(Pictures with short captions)
*** Begin section ***

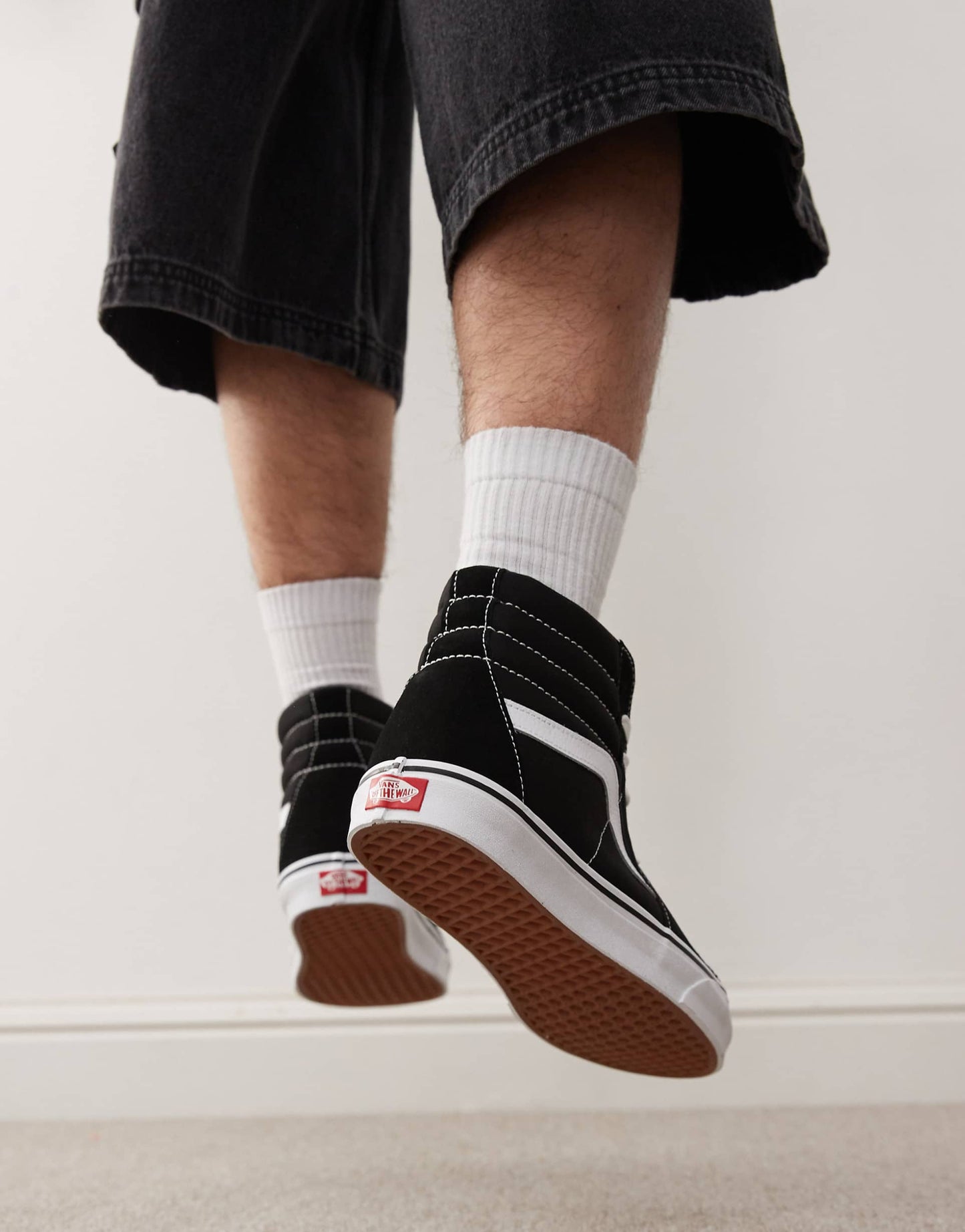 Sk8-Hi Sneakers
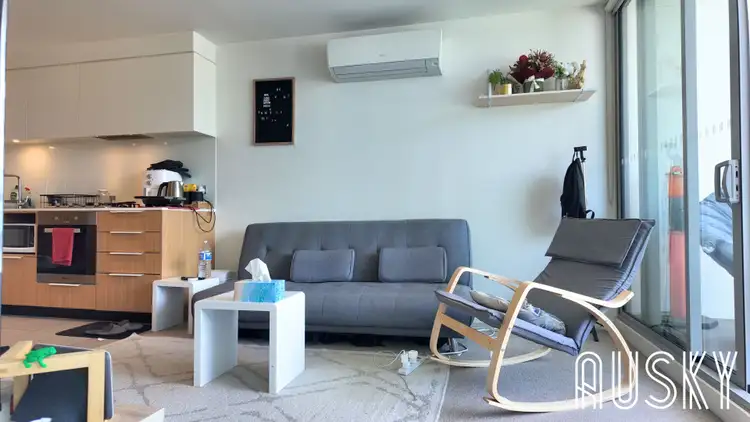 1702E/888 Collins Street, Docklands VIC 3008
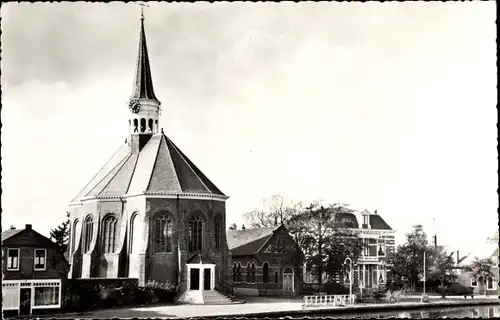 Ak Woubrugge Jacobswoude Südholland, Ned. Herv. Kerk met Pastorie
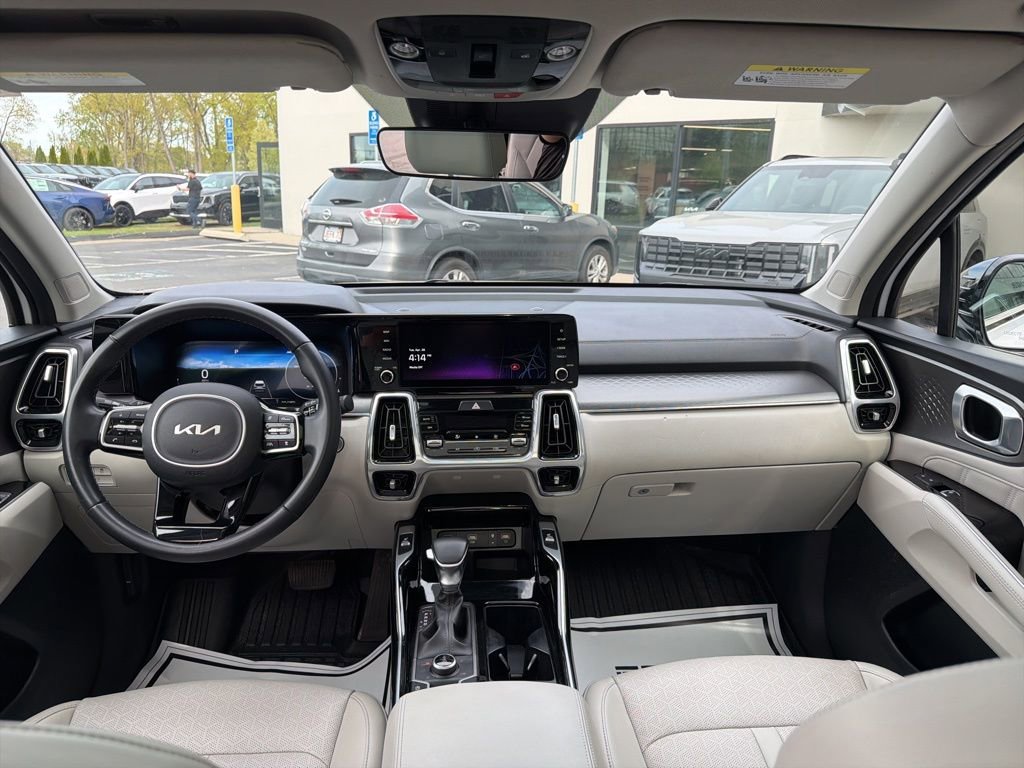 Certified 2023 Kia Sorento SX AWD/4WD image 24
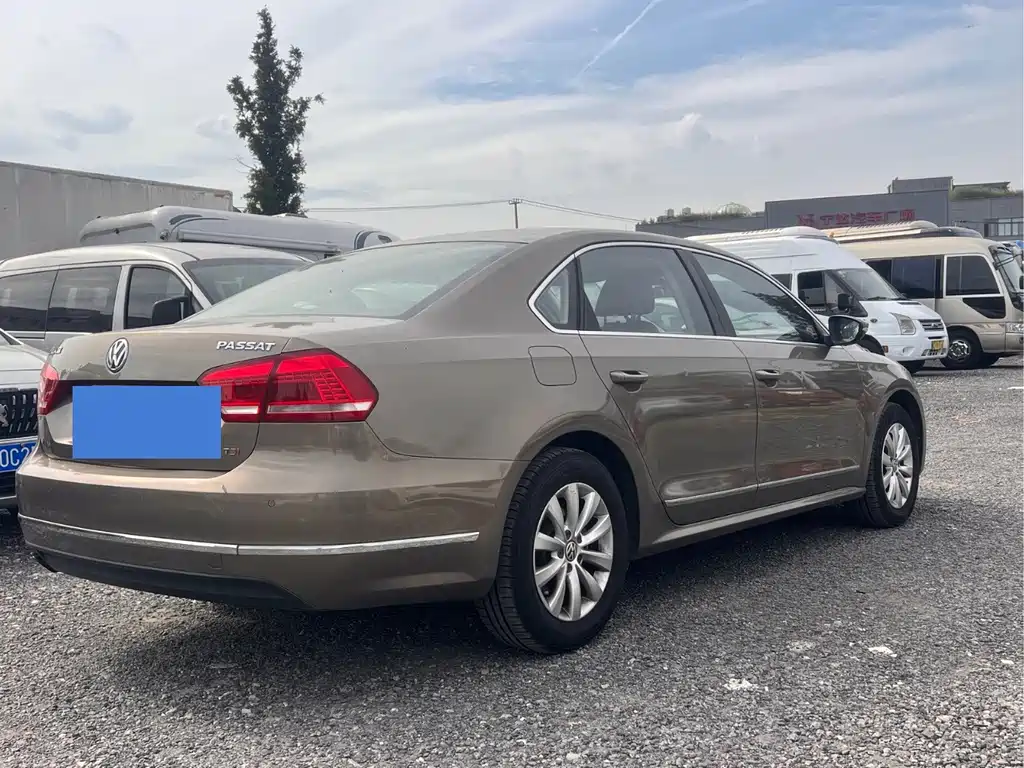 Volkswagen Passat — миниатюра 4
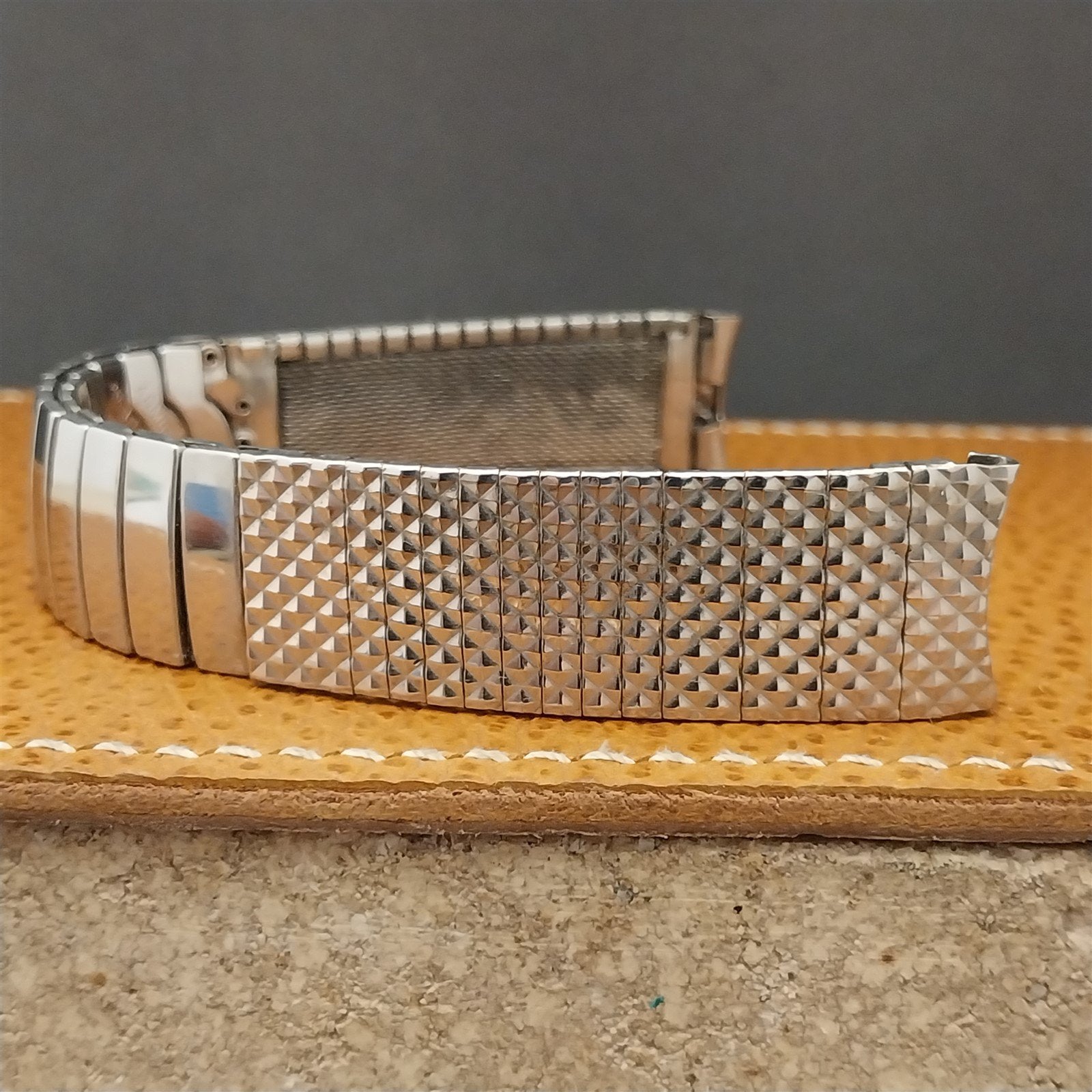 Vintage 17.2mm Admiral Stainless Steel 1960s Classic Unused Watch Band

*** End section ***

Problem to work on: Restate the records above word for word, without the pictures.

Output of the task:
 Sk8-Hi Sneakers
 1702E/888 Collins Street, Docklands VIC 3008
 Ak Woubrugge Jacobswoude Südholland, Ned. Herv. Kerk met Pastorie
 Certified 2023 Kia Sorento SX AWD/4WD image 24
 Volkswagen Passat — миниатюра 4
 Vintage 17.2mm Admiral Stainless Steel 1960s Classic Unused Watch Band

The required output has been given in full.